Our pulse generator is suitable for a wide range of pulse parameters and load impedances. It delivers quasi-rectangular pulses, and its components are adjustable in:
- voltage amplitude,
- frequency,
- pulse width,
- duty cycle,
- etc …
These high voltage pulse generators from GBS Elektronik are used in plasma immersion applications, in surface treatment, for the discharge of dielectric barriers, and the generation of corona effects, etc.
Voltage and current monitoring signals with maximum voltage et the output. Left: without cable, right: with connected output cable.

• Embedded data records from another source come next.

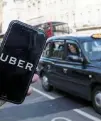  ?? Ansa ?? La sfida Uber contro cab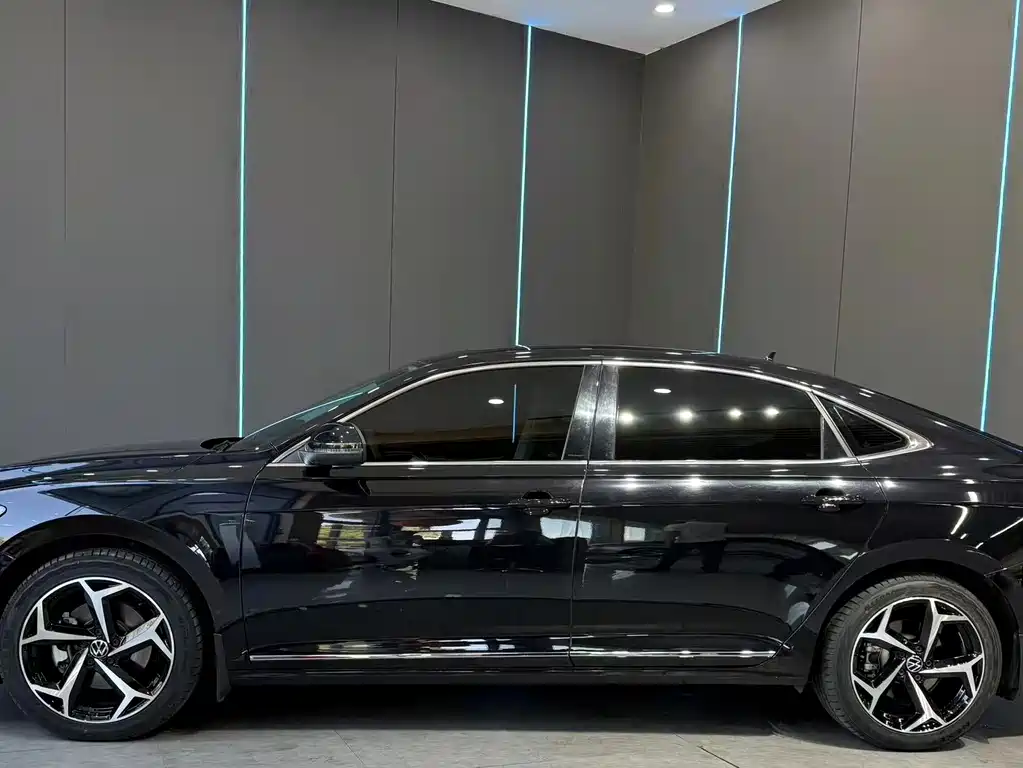 Volkswagen Passat — фото 5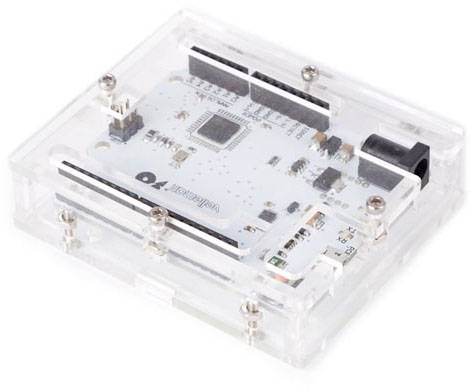 Przezroczysty box obudowy prezentuje płytkę Arduino z widocznymi złączami i obwodami, idealny do projektów elektronicznych.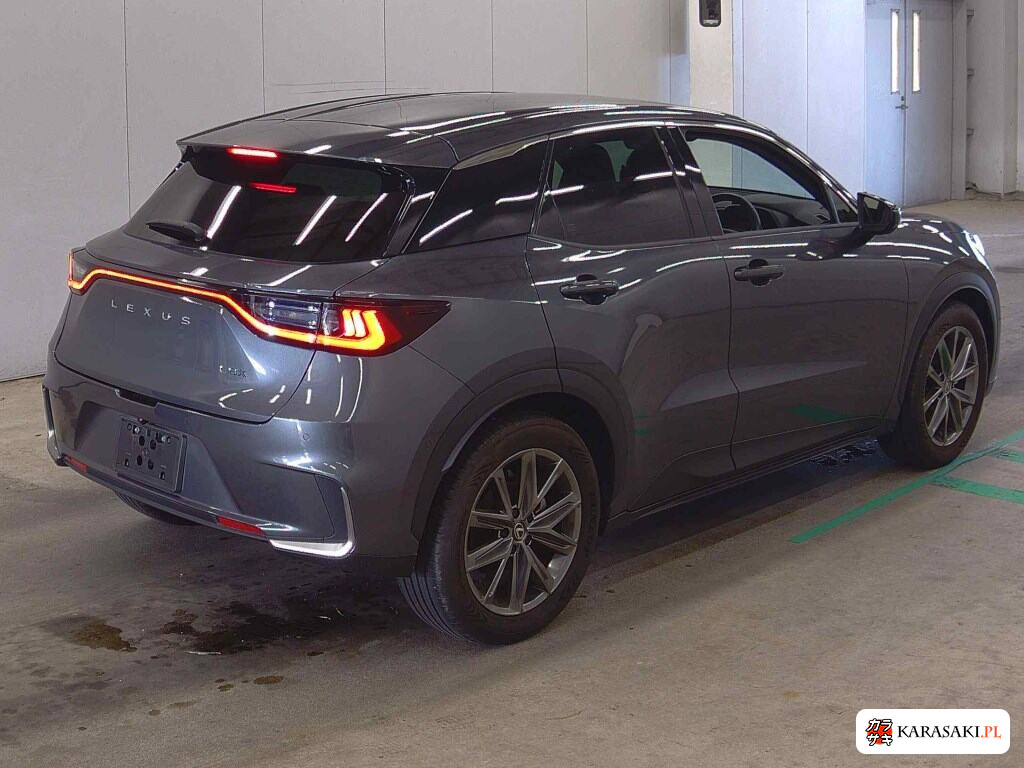 Lexus LBX 2024 z aukcji japońskiej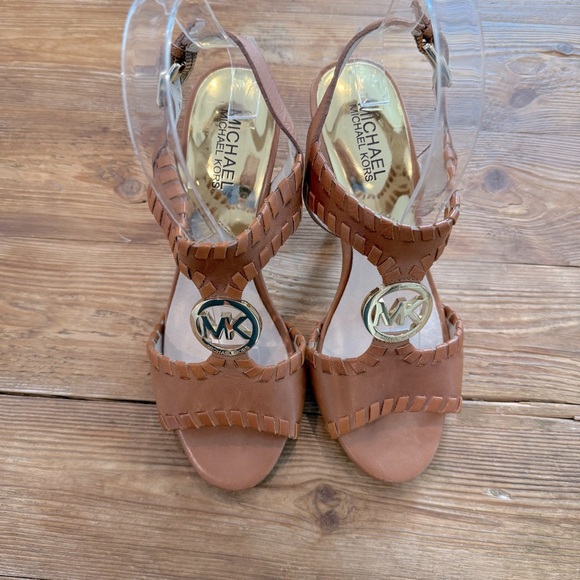 Michael Kors Women’s Leather Weave Open Toe‎ Sandal 3” Kitten Heel Camel 7M EUC - Picture 5 of 8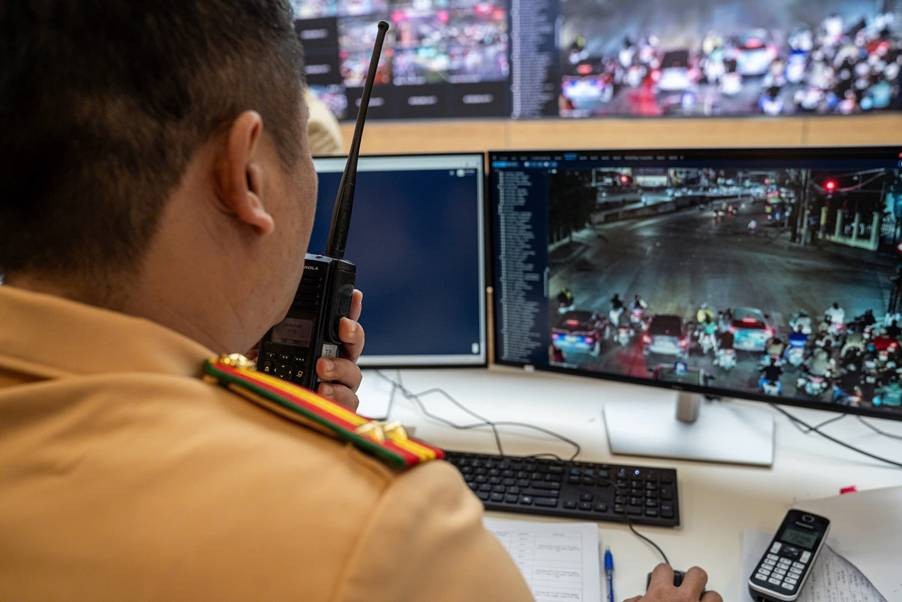 CBCS theo dõi, bám sát tình hình TTATGT qua hệ thống camera AI.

MINIPULS OEM SINUSOIDAL HIGH VOLTAGE PULSE GENERATOR
We offer custom HV pulse generator delivering sinusoidal waves, this is called “Minipuls” and this is used for dielectric barrier discharge (DBD) applications in plasma reactors.
All these generator models are available as OEM version and are interesting to those who wish to integrate this technology into their own devices.
The HV pulse generator creates AC alternating sinusoidal waves at frequencies of about 5 kHz to 20 kHz through cascade transformers. The OEM cards are delivered with a full bridge converter and a circuit board with the transformer stages. The average powers are between 30 W to 700 W, the peak voltages available are 6 kV, 10 kV, 20 kV and 30 kV.
Operation of the Minipuls2 at resonance and near maximum voltage 20 kV peak, respectively 40 kV peak to peak. Green : Output voltage 1:5000, 10 kV / div, Yellow : Primary voltage 50 V / div, Red : Primary current : 5 A / div. Blue : Pulse voltage of 200 ns.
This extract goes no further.